» Work required
What is needed here is an exact repetition of the records below, beginning at the line that has "Ein Schlafzimmer mit" and stopping after the line that has "a white bathroom".

======== Recorded information

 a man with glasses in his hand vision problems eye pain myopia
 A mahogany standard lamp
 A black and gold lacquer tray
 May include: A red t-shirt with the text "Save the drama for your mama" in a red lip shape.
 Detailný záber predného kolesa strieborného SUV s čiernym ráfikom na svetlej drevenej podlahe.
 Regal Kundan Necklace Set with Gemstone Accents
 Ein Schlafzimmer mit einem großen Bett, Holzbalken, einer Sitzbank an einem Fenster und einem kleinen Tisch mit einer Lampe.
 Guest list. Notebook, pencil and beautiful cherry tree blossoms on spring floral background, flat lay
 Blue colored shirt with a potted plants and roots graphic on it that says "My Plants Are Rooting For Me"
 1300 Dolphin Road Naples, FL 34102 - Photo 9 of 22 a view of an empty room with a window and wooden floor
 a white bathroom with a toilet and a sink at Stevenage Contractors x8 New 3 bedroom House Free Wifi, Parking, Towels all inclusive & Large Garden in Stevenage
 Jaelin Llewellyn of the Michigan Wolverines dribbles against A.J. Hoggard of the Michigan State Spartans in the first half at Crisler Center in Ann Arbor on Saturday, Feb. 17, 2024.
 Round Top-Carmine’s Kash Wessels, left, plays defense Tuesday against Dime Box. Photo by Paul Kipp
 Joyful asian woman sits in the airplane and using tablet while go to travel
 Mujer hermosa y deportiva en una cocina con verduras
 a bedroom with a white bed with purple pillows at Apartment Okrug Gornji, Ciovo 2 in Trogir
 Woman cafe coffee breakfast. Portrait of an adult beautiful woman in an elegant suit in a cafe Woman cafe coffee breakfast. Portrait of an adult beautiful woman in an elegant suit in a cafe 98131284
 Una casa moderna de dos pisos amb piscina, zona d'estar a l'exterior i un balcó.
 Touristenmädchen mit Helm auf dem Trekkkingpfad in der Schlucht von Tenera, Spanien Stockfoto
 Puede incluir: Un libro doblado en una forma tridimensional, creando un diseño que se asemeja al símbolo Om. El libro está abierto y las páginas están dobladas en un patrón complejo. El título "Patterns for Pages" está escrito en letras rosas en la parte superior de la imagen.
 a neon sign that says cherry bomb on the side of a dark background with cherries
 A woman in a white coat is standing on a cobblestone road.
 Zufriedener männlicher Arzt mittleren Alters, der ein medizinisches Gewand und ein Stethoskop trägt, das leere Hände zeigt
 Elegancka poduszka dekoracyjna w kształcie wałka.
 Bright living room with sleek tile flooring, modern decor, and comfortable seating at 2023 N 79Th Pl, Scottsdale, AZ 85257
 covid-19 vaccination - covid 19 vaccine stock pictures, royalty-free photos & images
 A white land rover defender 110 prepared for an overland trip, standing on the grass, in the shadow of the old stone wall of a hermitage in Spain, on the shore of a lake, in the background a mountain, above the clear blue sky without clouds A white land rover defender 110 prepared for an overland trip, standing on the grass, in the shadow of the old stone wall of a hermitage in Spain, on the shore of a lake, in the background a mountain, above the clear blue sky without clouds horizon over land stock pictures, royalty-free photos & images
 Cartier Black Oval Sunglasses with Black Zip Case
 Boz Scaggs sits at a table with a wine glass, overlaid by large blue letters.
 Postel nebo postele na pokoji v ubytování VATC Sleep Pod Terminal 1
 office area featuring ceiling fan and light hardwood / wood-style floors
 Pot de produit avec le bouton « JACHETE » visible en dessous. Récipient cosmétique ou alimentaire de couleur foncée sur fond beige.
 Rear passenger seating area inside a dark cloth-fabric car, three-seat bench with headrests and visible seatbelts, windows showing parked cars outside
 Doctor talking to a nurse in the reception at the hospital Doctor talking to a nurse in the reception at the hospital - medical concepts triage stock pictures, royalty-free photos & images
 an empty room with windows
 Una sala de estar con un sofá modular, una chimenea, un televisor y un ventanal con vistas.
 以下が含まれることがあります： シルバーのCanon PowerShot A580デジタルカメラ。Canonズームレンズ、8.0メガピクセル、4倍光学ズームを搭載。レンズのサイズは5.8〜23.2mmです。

================

» Problem solution
 Ein Schlafzimmer mit einem großen Bett, Holzbalken, einer Sitzbank an einem Fenster und einem kleinen Tisch mit einer Lampe.
 Guest list. Notebook, pencil and beautiful cherry tree blossoms on spring floral background, flat lay
 Blue colored shirt with a potted plants and roots graphic on it that says "My Plants Are Rooting For Me"
 1300 Dolphin Road Naples, FL 34102 - Photo 9 of 22 a view of an empty room with a window and wooden floor
 a white bathroom with a toilet and a sink at Stevenage Contractors x8 New 3 bedroom House Free Wifi, Parking, Towels all inclusive & Large Garden in Stevenage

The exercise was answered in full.